This project demonstrates my ability to build a fully serverless data engineering pipeline on AWS, covering everything from data ingestion to visual analytics using native AWS services. It uses the Superstore Dataset sourced from Kaggle, containing retail transactional data across multiple categories such as customer orders, product segments, sales, profits, shipping methods and regions.
I designed an automated pipeline to process incremental sales data from a retail superstore using the following AWS services:
- S3 – Cloud storage for raw files
- IAM – Role-based access and user provisioning
- Glue – Metadata cataloguing via crawlers
- Athena – Serverless SQL querying on S3 data
- QuickSight – Interactive dashboard for analysis
Raw CSV → S3 (Partitioned by snapshot_day)
↓
AWS Glue Crawler → Data Catalog
↓
Amazon Athena (SQL)
↓
Amazon QuickSight Dashboards
Tool/Service | Purpose |
---|---|
S3 | Raw data storage (partitioned folders by snapshot date) |
Glue | Metadata extraction and partition awareness |
Athena | Ad hoc querying with cost-efficient scanning |
QuickSight | Visual reporting and dashboard sharing |
IAM | Secure access management and service-level roles |
s3://<my-bucket>/orders/
├── snapshot_day=2017-01-01/
│ └── orders_1.csv
└── snapshot_day=2017-01-02/
└── orders_2.csv
- Created a separate IAM user for development (no root user usage).
- Assigned admin permissions and created a Glue-compatible IAM role.
- Cleaned and filtered daily order data from the Kaggle superstore dataset.
- Saved files in
.csv
format and uploaded to partitioned folders.
- Created a Glue database to store metadata.
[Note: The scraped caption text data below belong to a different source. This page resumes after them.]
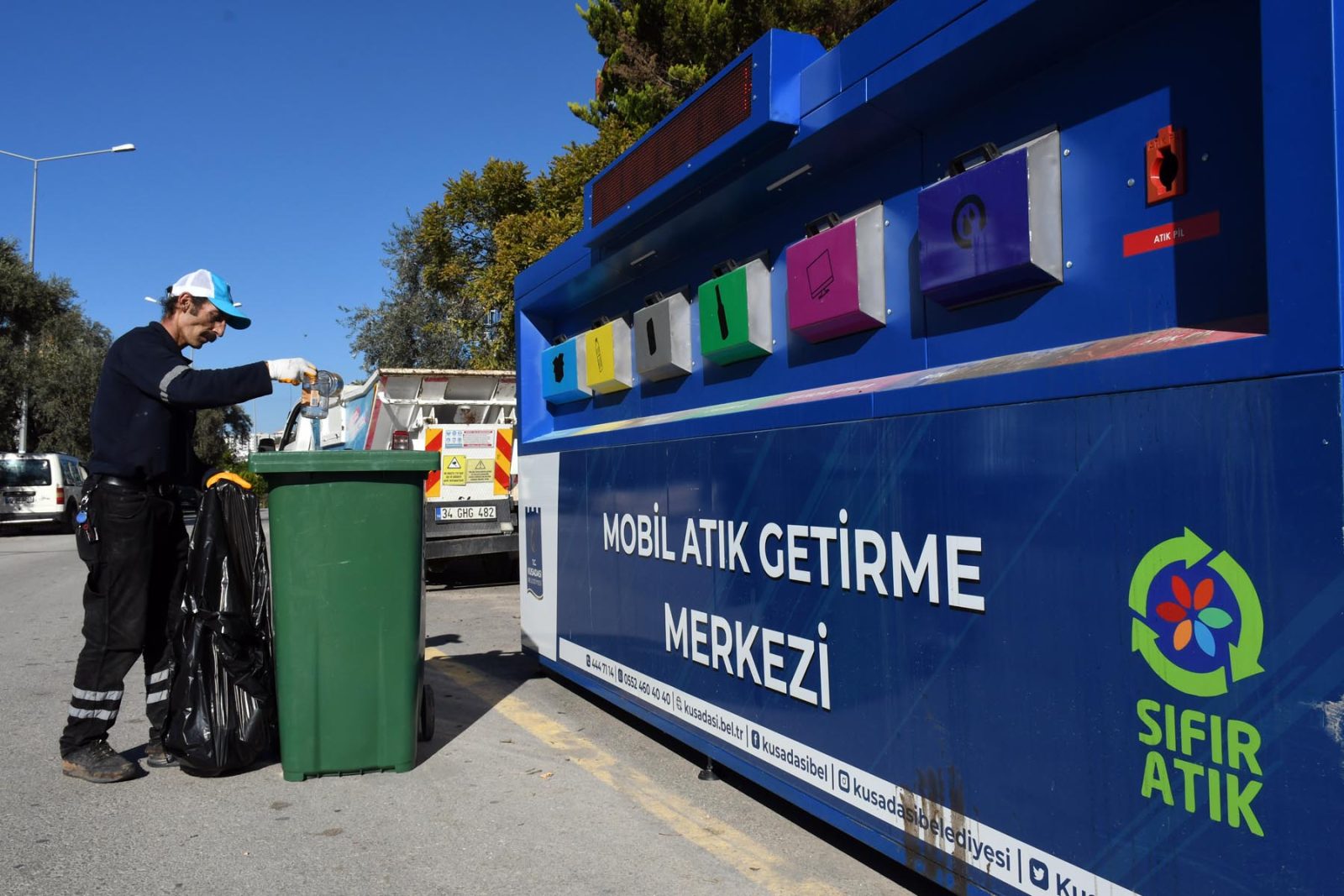 KUŞADASI’NDA TEMİZLİK SEFERBERLİĞİ: BELEDİYEDEN YENİ UYGULAMALAR, MÜDÜRLÜKTEN VATANDAŞA ÇAĞRI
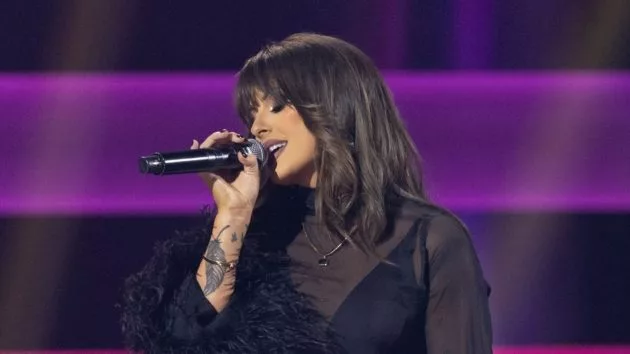 m_ellalangley2024cmaawardsonstagedisneyfrankmicelotta445380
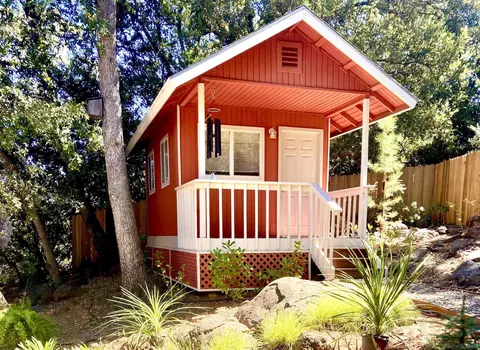 Exterior - 4330 Luneta Dr, Julian, CA 92036 photo 3 of 9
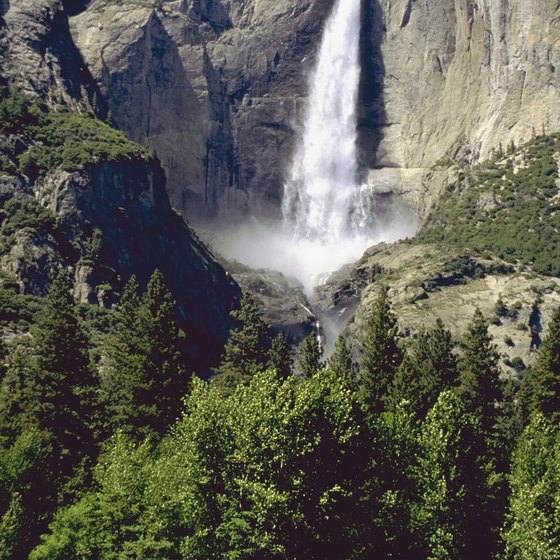 Lodging is available outside Yosemite National Park close to Highway 120.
- Configured a crawler to:
- Auto-detect schema
- Recognise partitions using folder names
- Maintain an up-to-date data catalog for Athena
- Connected Athena to the Glue data catalog
- Ran queries on raw S3 files without loading into any database
Partitioning by date drastically improves Athena query speed and reduces cost.
Using WHERE snapshot_day = ...
reduced scanned data by ~54%.
- Example query to show the improvement caused by partitioning:
SELECT * FROM "db_hkhosravi"."orders"
WHERE snapshot_day = '2017-01-01'
- Connected QuickSight to Athena as the data source
- Imported data into SPICE for faster performance
- Built:
- Bar chart: Sales by Category
- Pie chart: Profit by City
- AWS IAM + security best practices
- Efficient cloud data partitioning strategies
- Glue crawler configuration for schema detection
- Serverless querying with Athena
- Real-time dashboards with QuickSight (SPICE vs live mode)
- Add trigger-based automation using AWS Lambda
- Integrate with a real-time stream via Kinesis or EventBridge
- Add notification layer for insights using SNS